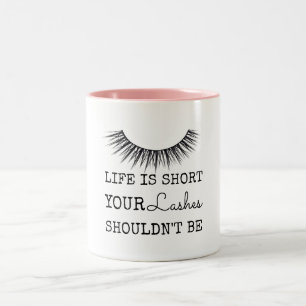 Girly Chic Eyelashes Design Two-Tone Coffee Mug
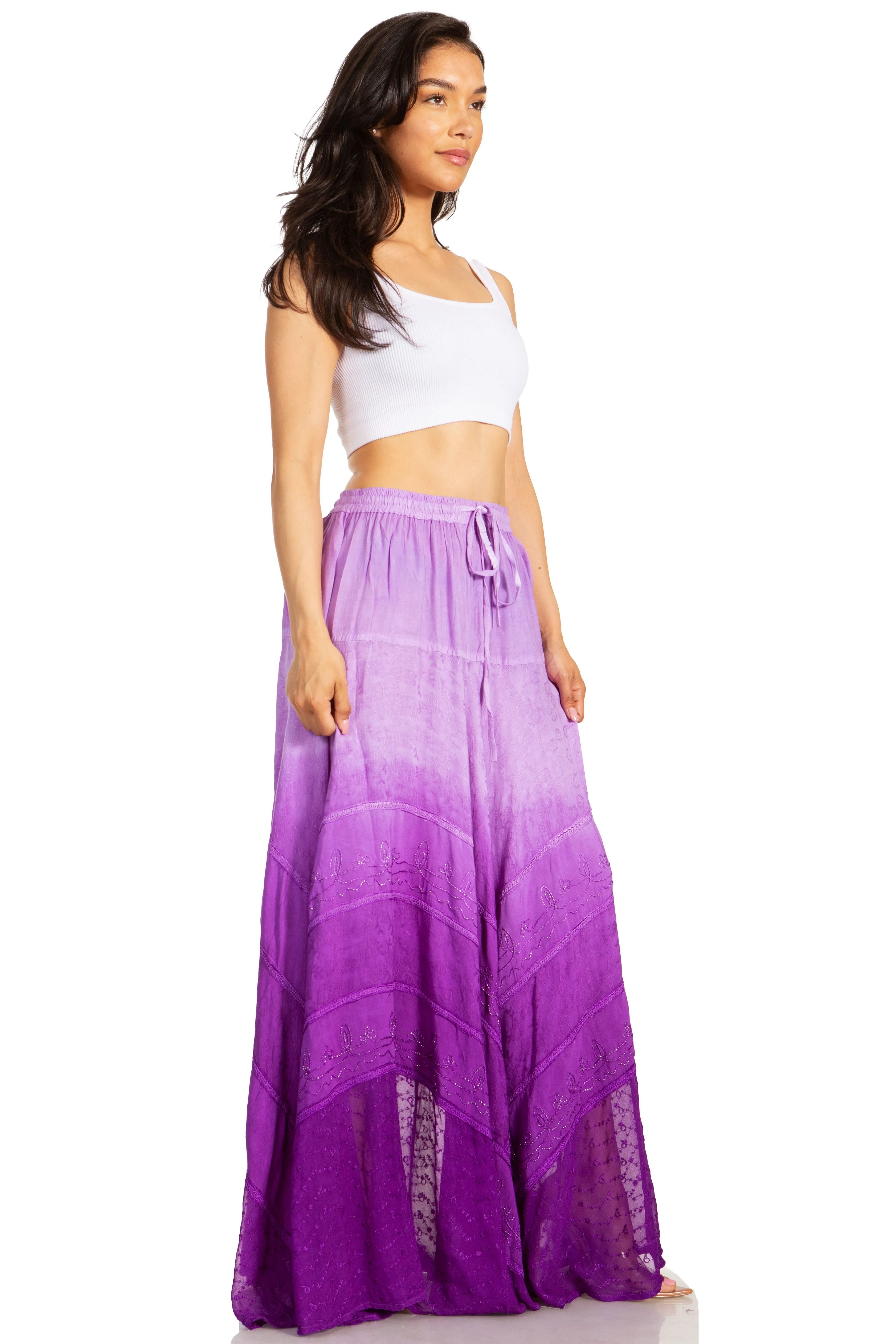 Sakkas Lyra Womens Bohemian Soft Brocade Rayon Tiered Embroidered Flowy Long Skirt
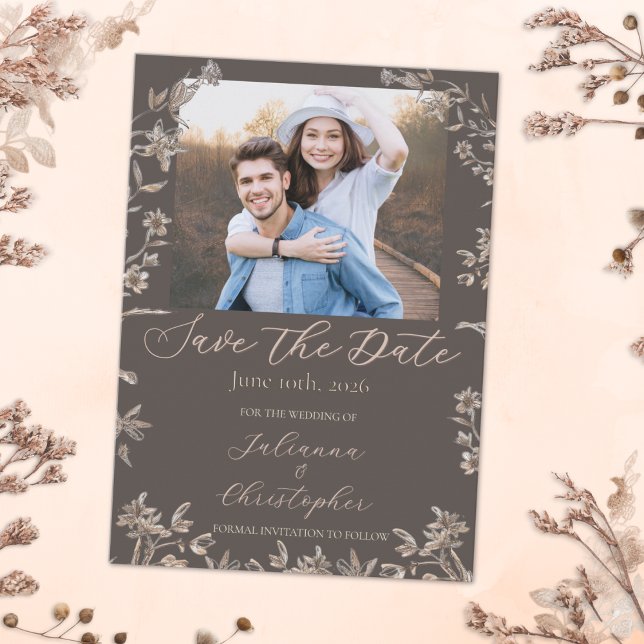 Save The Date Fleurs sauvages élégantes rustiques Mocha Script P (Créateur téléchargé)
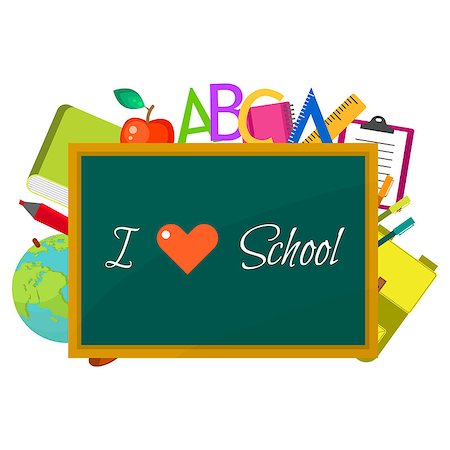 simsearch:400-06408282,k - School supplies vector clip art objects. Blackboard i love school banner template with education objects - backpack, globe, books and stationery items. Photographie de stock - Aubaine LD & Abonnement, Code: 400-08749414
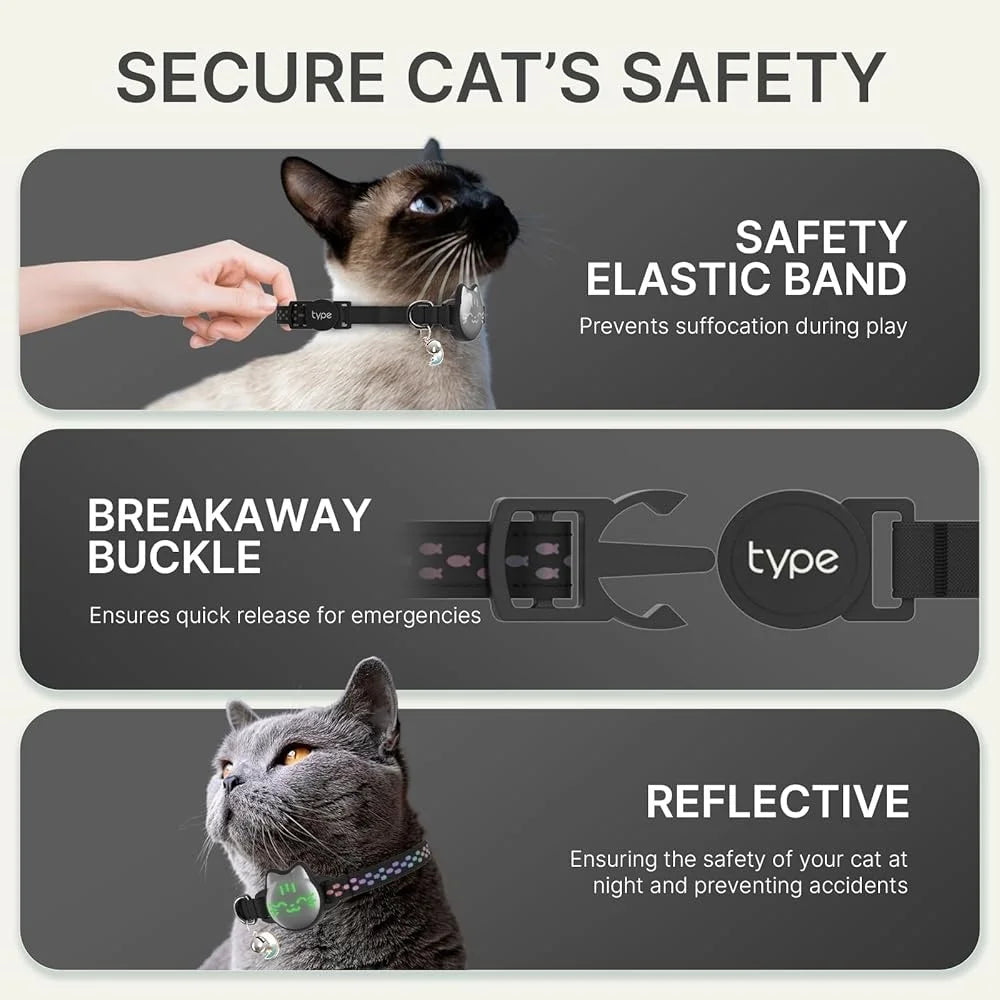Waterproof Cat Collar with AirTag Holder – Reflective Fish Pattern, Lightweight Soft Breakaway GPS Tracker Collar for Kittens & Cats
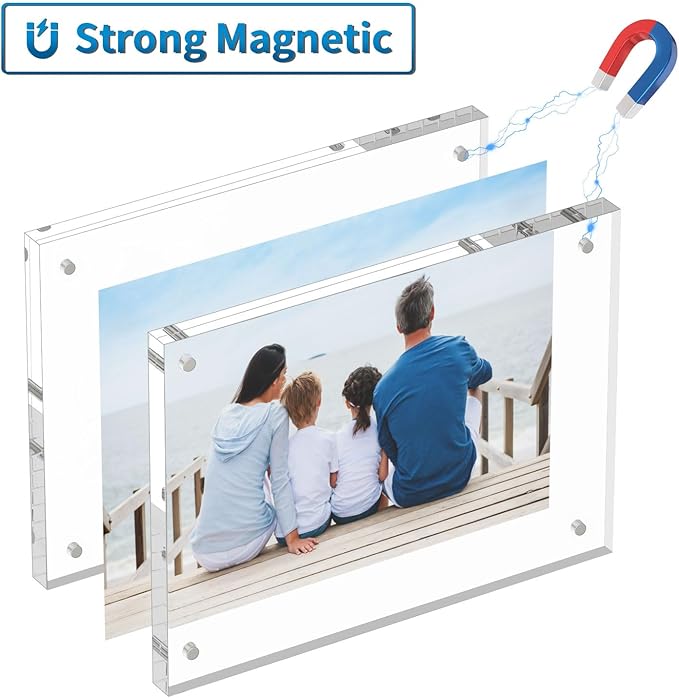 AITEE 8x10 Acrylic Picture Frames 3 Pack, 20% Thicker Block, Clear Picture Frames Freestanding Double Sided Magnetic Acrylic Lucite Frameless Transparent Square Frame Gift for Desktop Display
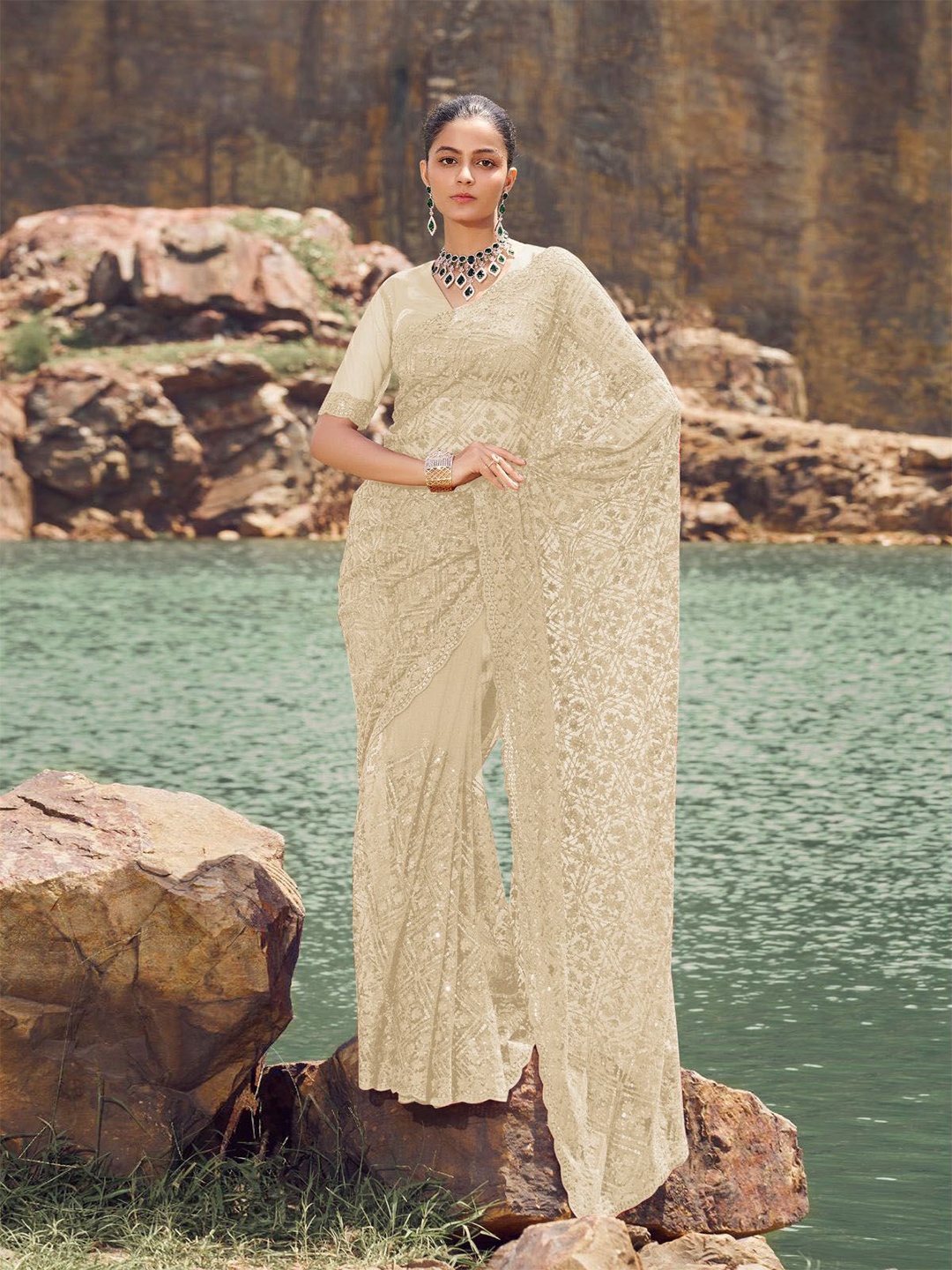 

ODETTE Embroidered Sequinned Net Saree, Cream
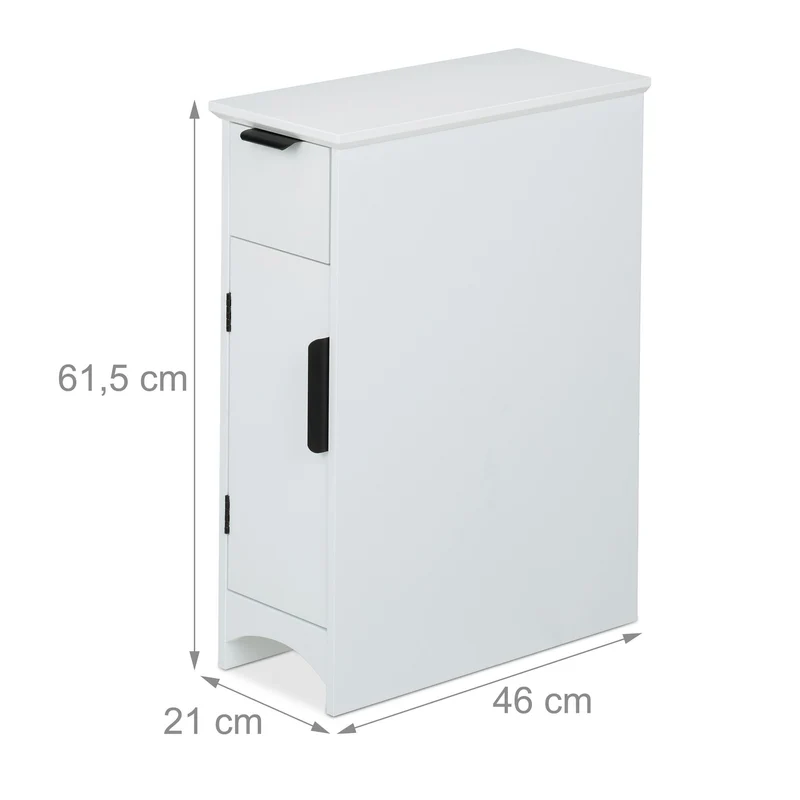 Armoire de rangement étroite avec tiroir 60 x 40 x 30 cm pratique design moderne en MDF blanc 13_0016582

··········

To do: Word for word, restate the lines from the line with "AITEE 8x10 Acrylic" through the last line of the entries, and nothing beyond them. Omit pictures.

Solution to the problem:
 AITEE 8x10 Acrylic Picture Frames 3 Pack, 20% Thicker Block, Clear Picture Frames Freestanding Double Sided Magnetic Acrylic Lucite Frameless Transparent Square Frame Gift for Desktop Display

ODETTE Embroidered Sequinned Net Saree, Cream
 Armoire de rangement étroite avec tiroir 60 x 40 x 30 cm pratique design moderne en MDF blanc 13_0016582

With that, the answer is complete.